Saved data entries

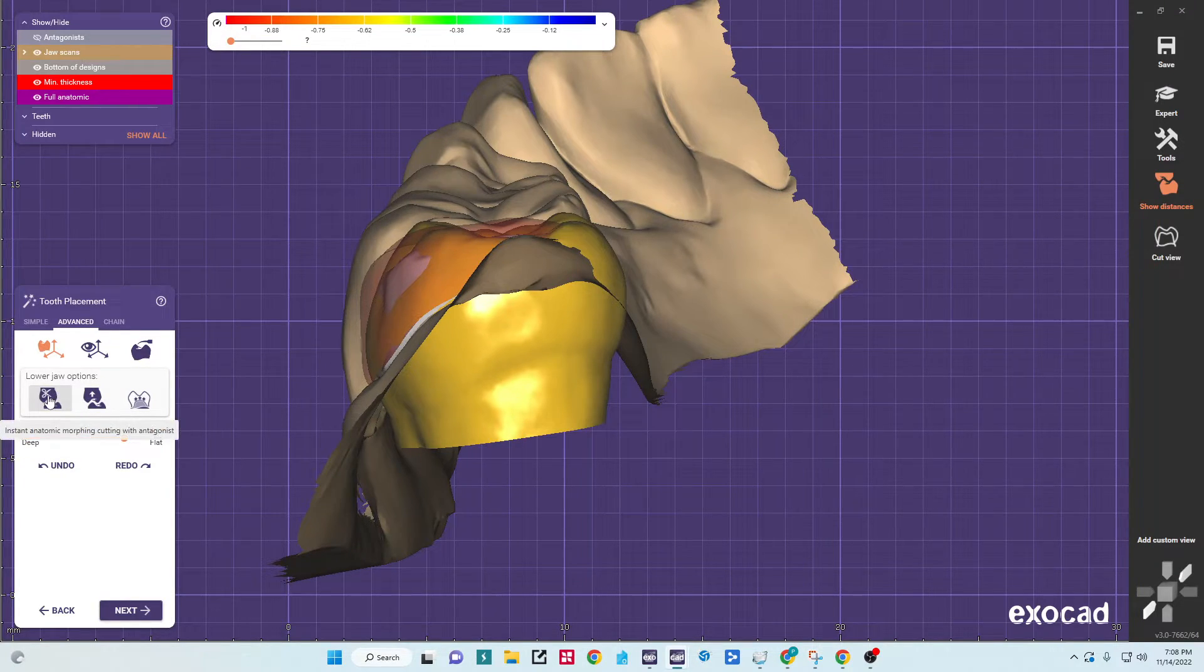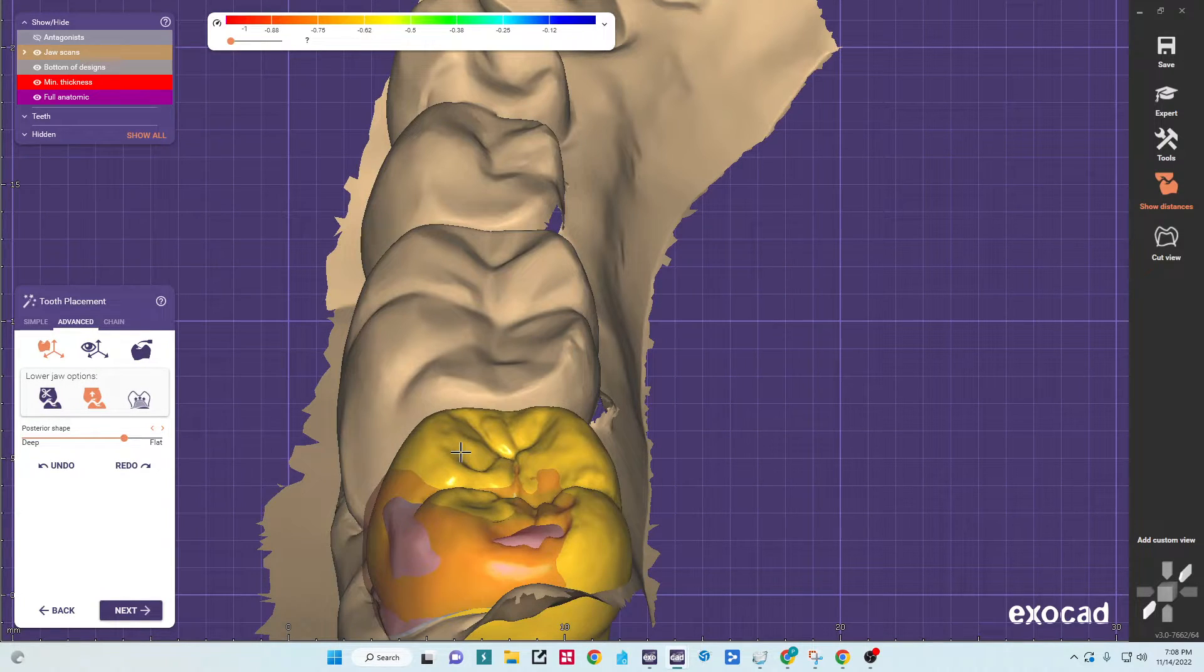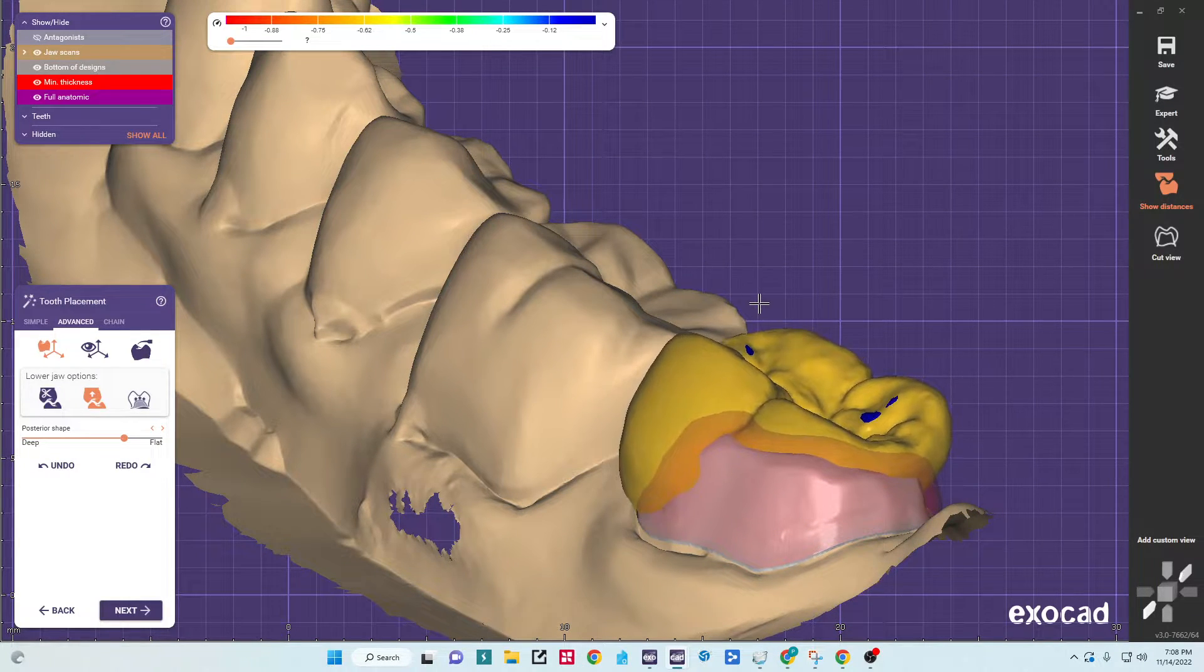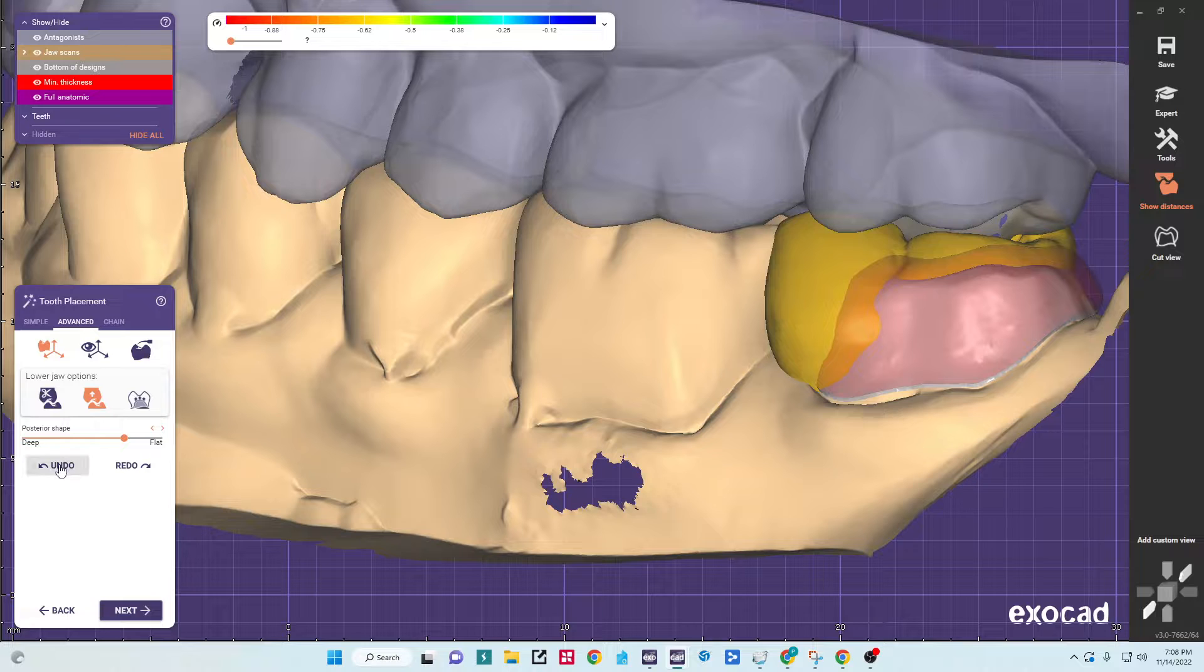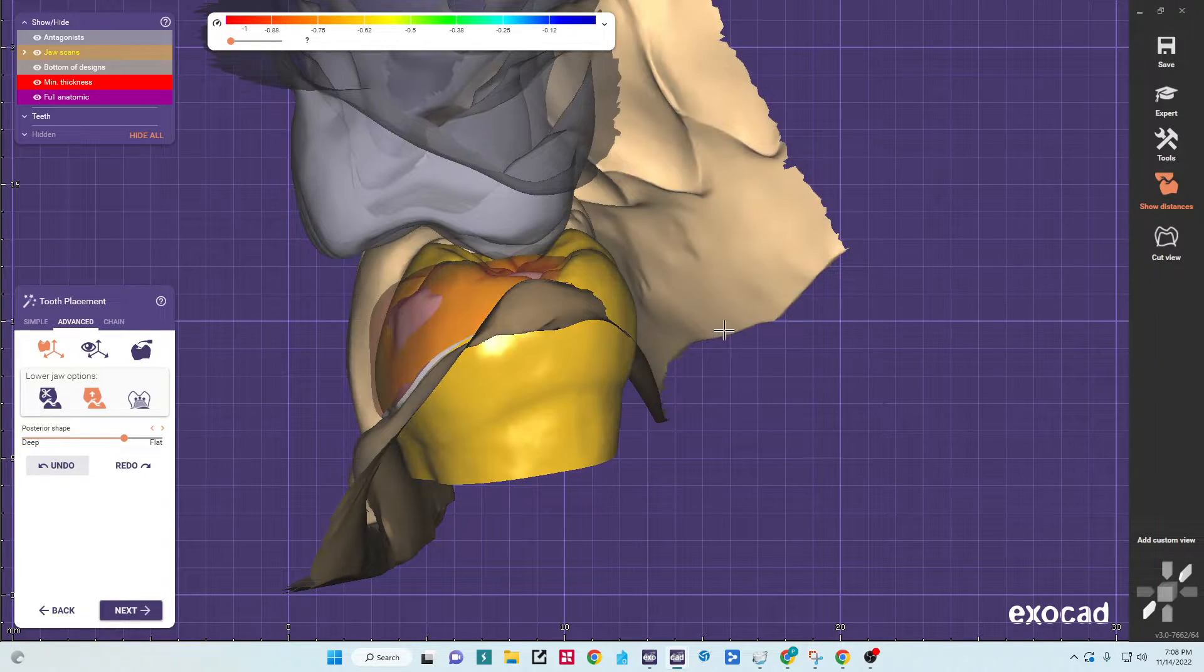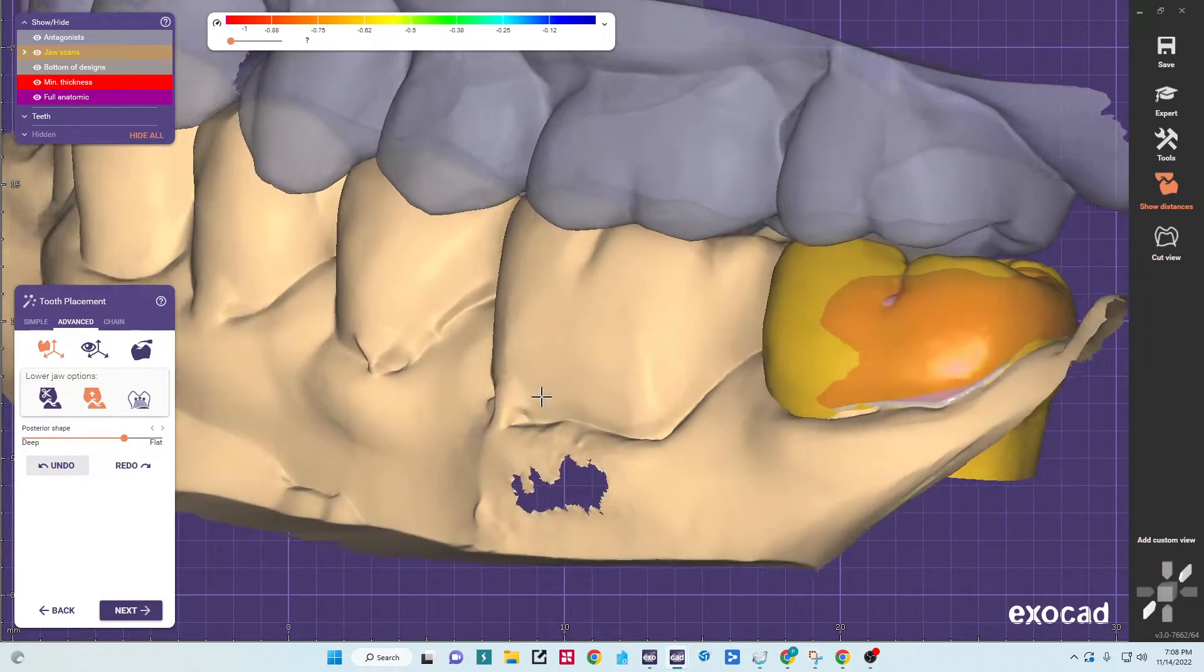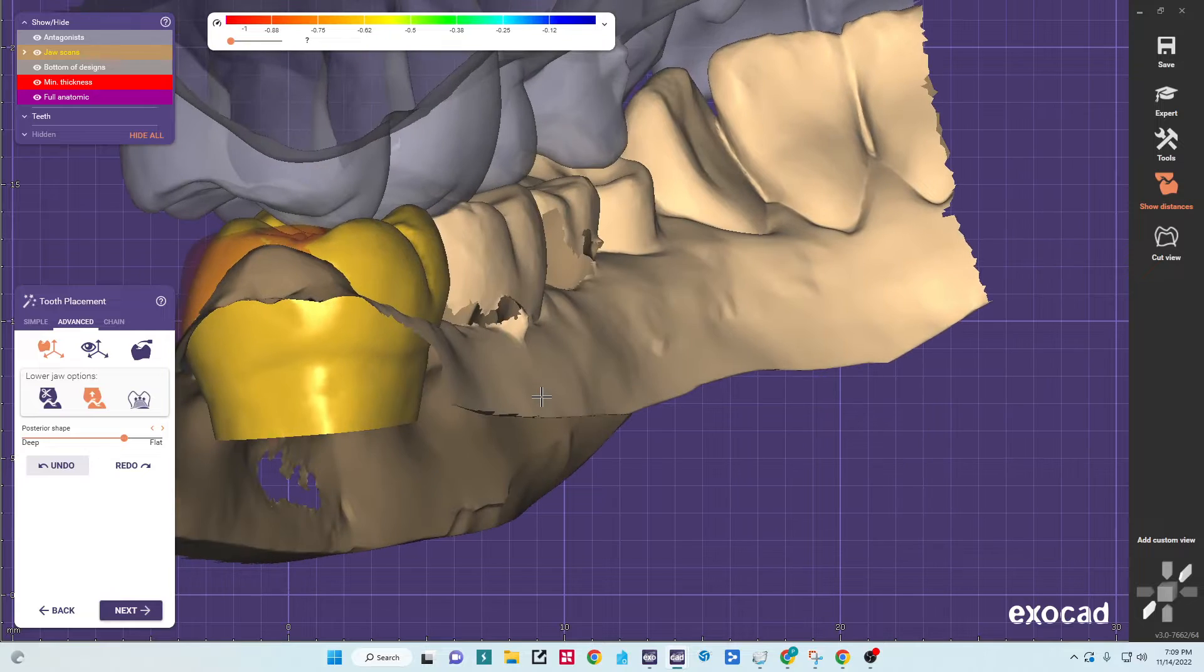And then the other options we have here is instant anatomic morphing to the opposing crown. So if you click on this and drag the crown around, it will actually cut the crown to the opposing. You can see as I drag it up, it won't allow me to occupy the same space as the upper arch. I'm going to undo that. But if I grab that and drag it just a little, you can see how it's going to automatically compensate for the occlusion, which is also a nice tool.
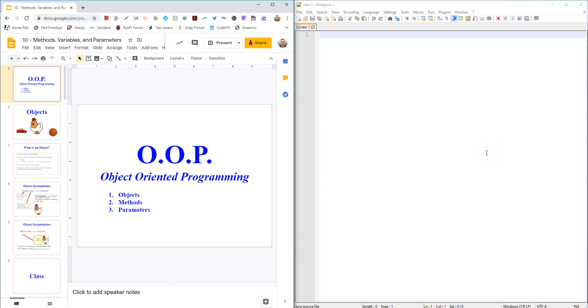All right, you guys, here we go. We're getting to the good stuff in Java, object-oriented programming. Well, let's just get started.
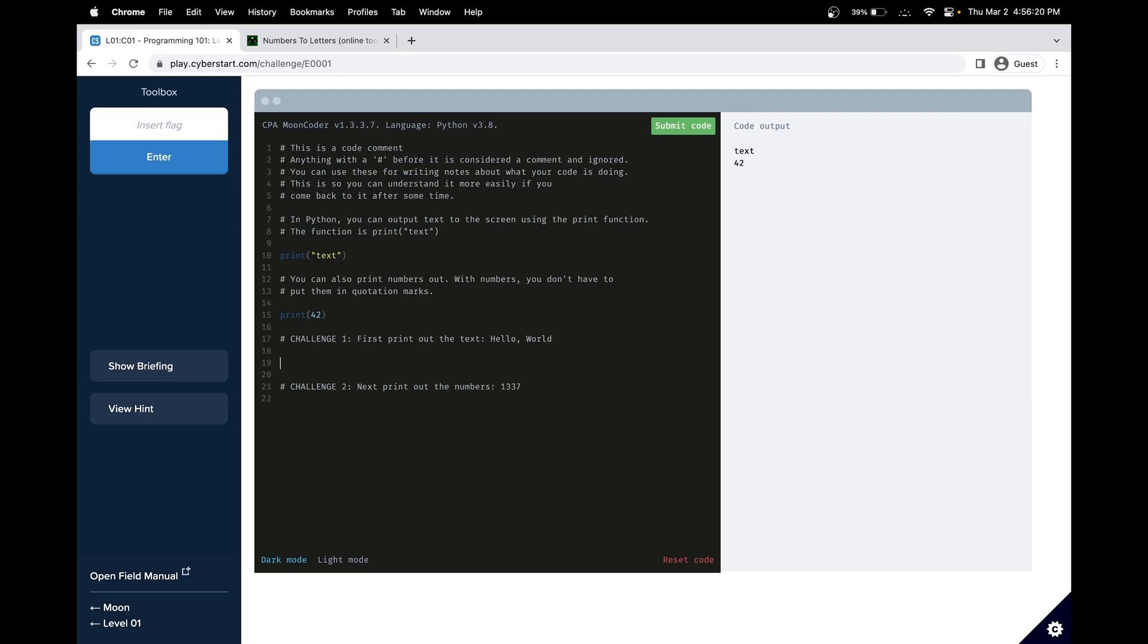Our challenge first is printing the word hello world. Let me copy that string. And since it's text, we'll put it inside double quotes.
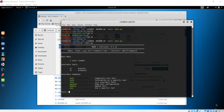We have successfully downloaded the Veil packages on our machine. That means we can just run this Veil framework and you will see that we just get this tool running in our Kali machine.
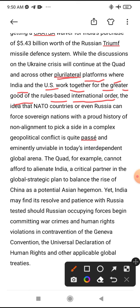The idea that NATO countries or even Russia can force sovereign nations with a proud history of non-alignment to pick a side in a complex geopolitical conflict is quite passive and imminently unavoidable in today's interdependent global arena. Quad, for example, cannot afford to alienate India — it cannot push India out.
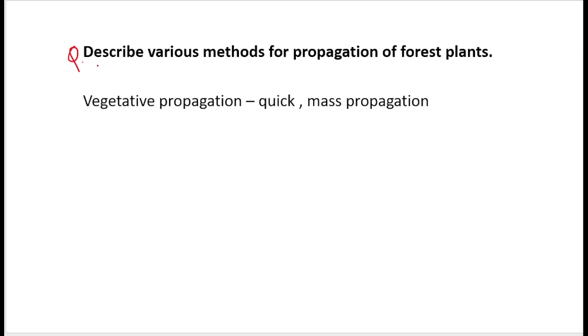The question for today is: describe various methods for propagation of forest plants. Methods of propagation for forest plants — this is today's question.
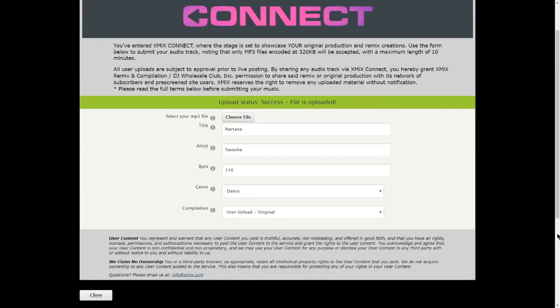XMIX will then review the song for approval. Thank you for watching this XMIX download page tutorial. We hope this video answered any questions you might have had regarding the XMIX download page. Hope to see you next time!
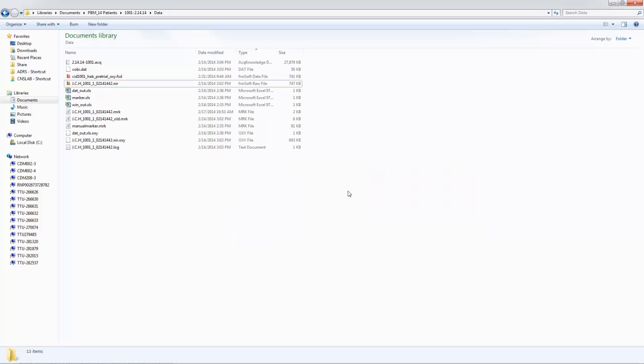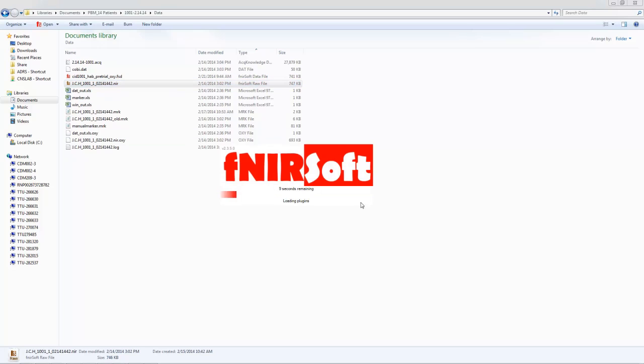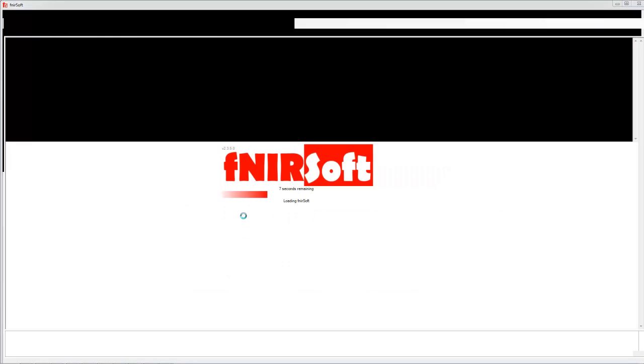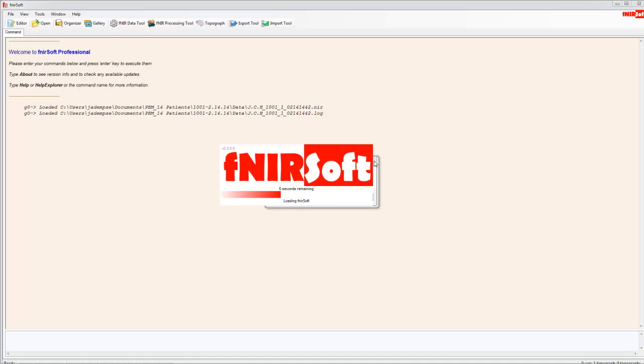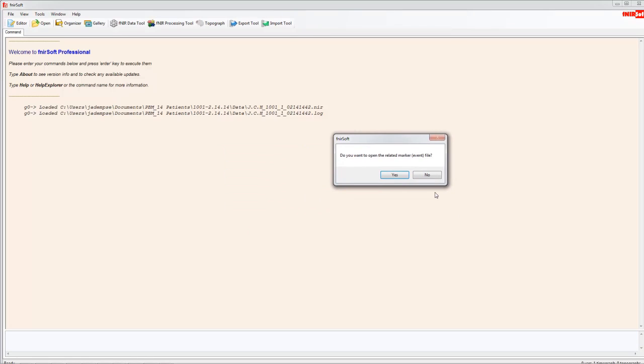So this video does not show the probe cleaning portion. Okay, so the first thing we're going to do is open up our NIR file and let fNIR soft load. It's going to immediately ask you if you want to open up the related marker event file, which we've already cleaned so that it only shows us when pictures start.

WHAT YOU NEED TO DO
Every line from the one with "The idea that" through the last line of the data must be copied exactly. Leave the pictures out.

WRITTEN SOLUTION
The idea that NATO countries or even Russia can force sovereign nations with a proud history of non-alignment to pick a side in a complex geopolitical conflict is quite passive and imminently unavoidable in today's interdependent global arena. Quad, for example, cannot afford to alienate India — it cannot push India out.
The question for today is: describe various methods for propagation of forest plants. Methods of propagation for forest plants — this is today's question.
XMIX will then review the song for approval. Thank you for watching this XMIX download page tutorial. We hope this video answered any questions you might have had regarding the XMIX download page. Hope to see you next time!
So this video does not show the probe cleaning portion. Okay, so the first thing we're going to do is open up our NIR file and let fNIR soft load. It's going to immediately ask you if you want to open up the related marker event file, which we've already cleaned so that it only shows us when pictures start.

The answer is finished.